(Excerpts from a dataset)
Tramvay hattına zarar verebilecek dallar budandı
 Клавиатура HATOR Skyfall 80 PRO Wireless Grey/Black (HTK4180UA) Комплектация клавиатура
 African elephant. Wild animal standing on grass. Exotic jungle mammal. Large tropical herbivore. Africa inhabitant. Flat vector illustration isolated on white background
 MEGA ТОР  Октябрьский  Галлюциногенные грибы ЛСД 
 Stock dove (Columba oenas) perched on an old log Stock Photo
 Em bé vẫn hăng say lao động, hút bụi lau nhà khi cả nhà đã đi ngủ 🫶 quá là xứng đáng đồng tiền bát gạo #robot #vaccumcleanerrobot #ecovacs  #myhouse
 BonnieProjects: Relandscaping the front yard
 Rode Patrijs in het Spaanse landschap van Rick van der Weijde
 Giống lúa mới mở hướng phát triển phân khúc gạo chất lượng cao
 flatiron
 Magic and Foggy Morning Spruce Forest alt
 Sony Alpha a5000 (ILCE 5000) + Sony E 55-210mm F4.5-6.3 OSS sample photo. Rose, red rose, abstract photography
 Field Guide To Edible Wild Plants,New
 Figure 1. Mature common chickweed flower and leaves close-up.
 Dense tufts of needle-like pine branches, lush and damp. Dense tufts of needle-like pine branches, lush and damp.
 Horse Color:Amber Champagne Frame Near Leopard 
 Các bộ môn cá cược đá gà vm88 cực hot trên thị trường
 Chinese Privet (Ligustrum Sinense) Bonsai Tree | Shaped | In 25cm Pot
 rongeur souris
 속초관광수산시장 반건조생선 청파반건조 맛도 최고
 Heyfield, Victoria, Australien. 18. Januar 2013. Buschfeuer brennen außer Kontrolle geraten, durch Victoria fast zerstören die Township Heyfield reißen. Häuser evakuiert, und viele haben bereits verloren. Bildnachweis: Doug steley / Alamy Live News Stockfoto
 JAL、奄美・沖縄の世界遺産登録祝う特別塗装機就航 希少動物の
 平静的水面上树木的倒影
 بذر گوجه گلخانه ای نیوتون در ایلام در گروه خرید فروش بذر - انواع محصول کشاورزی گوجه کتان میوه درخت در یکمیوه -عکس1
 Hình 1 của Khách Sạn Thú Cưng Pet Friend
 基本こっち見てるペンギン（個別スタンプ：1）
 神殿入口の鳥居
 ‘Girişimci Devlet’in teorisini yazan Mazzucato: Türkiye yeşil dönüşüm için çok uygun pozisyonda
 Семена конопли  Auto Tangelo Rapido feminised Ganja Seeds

TASK DIRECTIONS:
Write out a verbatim copy of the data, beginning with its first line and ending with the line that contains "BonnieProjects: Relandscaping the front yard".

ANSWER BOX:
Tramvay hattına zarar verebilecek dallar budandı
 Клавиатура HATOR Skyfall 80 PRO Wireless Grey/Black (HTK4180UA) Комплектация клавиатура
 African elephant. Wild animal standing on grass. Exotic jungle mammal. Large tropical herbivore. Africa inhabitant. Flat vector illustration isolated on white background
 MEGA ТОР  Октябрьский  Галлюциногенные грибы ЛСД 
 Stock dove (Columba oenas) perched on an old log Stock Photo
 Em bé vẫn hăng say lao động, hút bụi lau nhà khi cả nhà đã đi ngủ 🫶 quá là xứng đáng đồng tiền bát gạo #robot #vaccumcleanerrobot #ecovacs  #myhouse
 BonnieProjects: Relandscaping the front yard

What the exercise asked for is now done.